Manager: The current system should be able to give us a list of all the men.

Developer: That is easy.

Manager:  OK, this is a very critical requirement, check in the code in the next 1 hour.

You are brimming with happiness, you have done this so many times and then you say to yourself, that’s  easy!  I just need to initialize an empty collection, iterate over the list of collection, add an if condition and that’s it.

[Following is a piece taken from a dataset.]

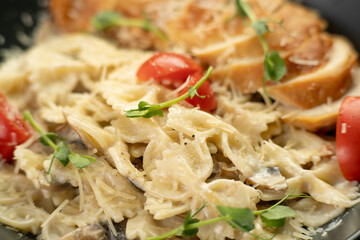Close-up of bowtie pasta with cream sauce, mushrooms, chicken fillet and fresh tomatoes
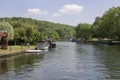 Beautiful motor cruisers and barges berthedon the Thames at Henley-on-Thames in Oxfordshire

This is what you come up with:

private static List<Person> getAllMen(List<Person> persons)
{
List<Person> men = new ArrayList<>();
for(Person person : persons)
{
if(person.getGender() == Gender.MALE)
{
men.add(person);
}
}
return men;
}

Before checking in the code, you look through the code again, notice the new List of men objects, the iteration and if condition. You feel a great sense of accomplishment and send an email to your manager and possibly your colleagues that your task is completed. You then hop away for lunch.

After a heavy lunch, you come back on your desk and notice the manager walk towards you, it looks like he has a very serious and difficult requirement.

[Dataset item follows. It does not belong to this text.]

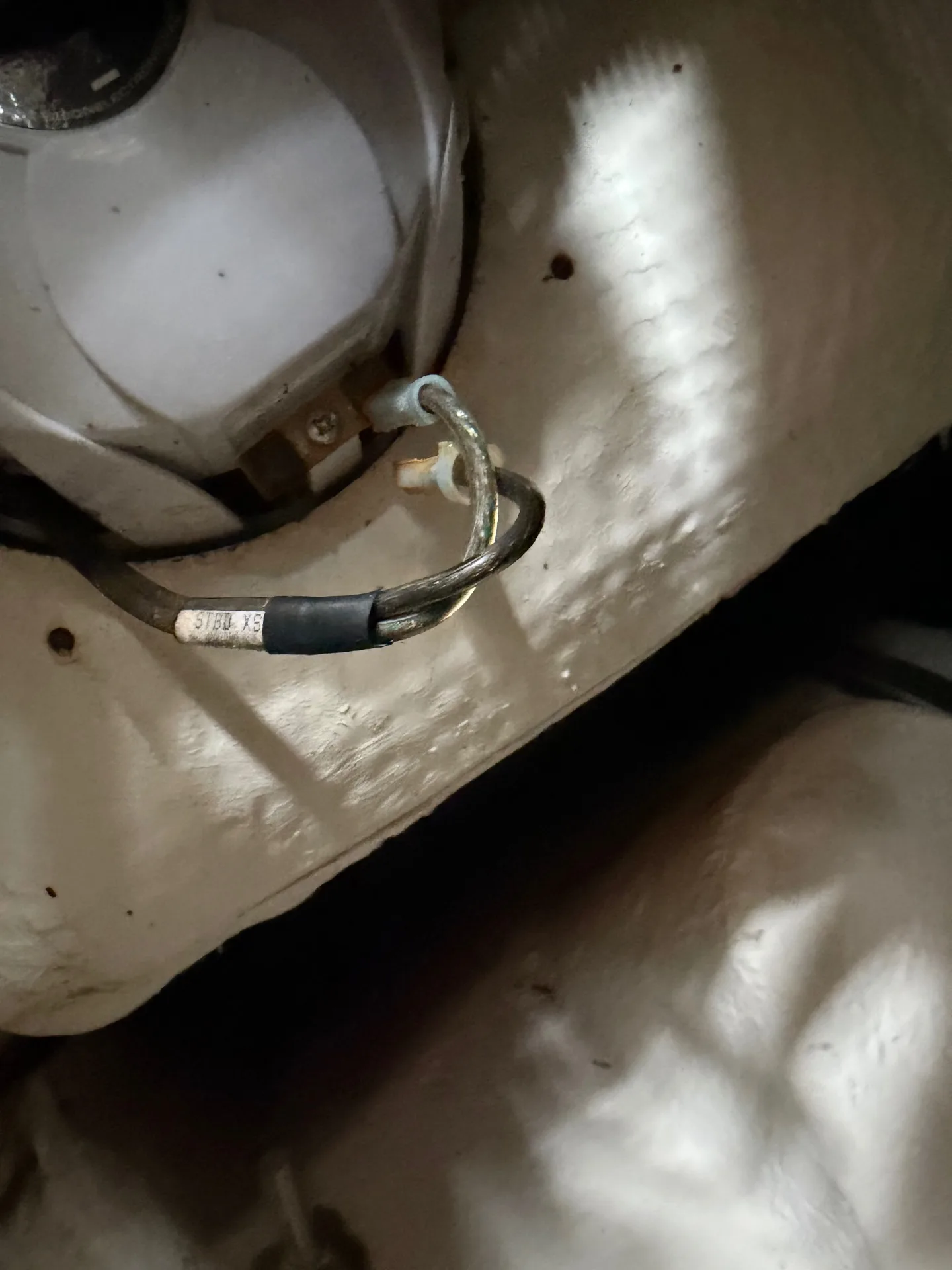 New shore power inlet installed on a boat during an electrical upgrade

Manager: Good coding, I have a new requirement for you. Now the system needs to fetch the list of all the women from the database.

You: Okay, consider it done.

Manager: Alright, I need you to do this in 45 minutes.

What do you do?  You know the class name, you open it, look at the getAllMen() and use the most favorite operations,  “copy” , “paste” and then rename the method name and change the condition. This is what you come up with:

private static List<Person> getAllWomen(List<Person> persons) {
List<Person> men = new ArrayList<>();
for(Person person : persons)
{
if(person.getGender() == Gender.FEMALE)
{
men.add(person);
}
}
return men;
}

There is a big smile on your face as you look at your watch, you accomplished this code in 5 full minutes. You look at your code and say to yourself, create new list, iterate, if condition. It looks good and then check in the code, but send the email after 40 minutes just to make sure that your manager notices the 5 minutes that you saved.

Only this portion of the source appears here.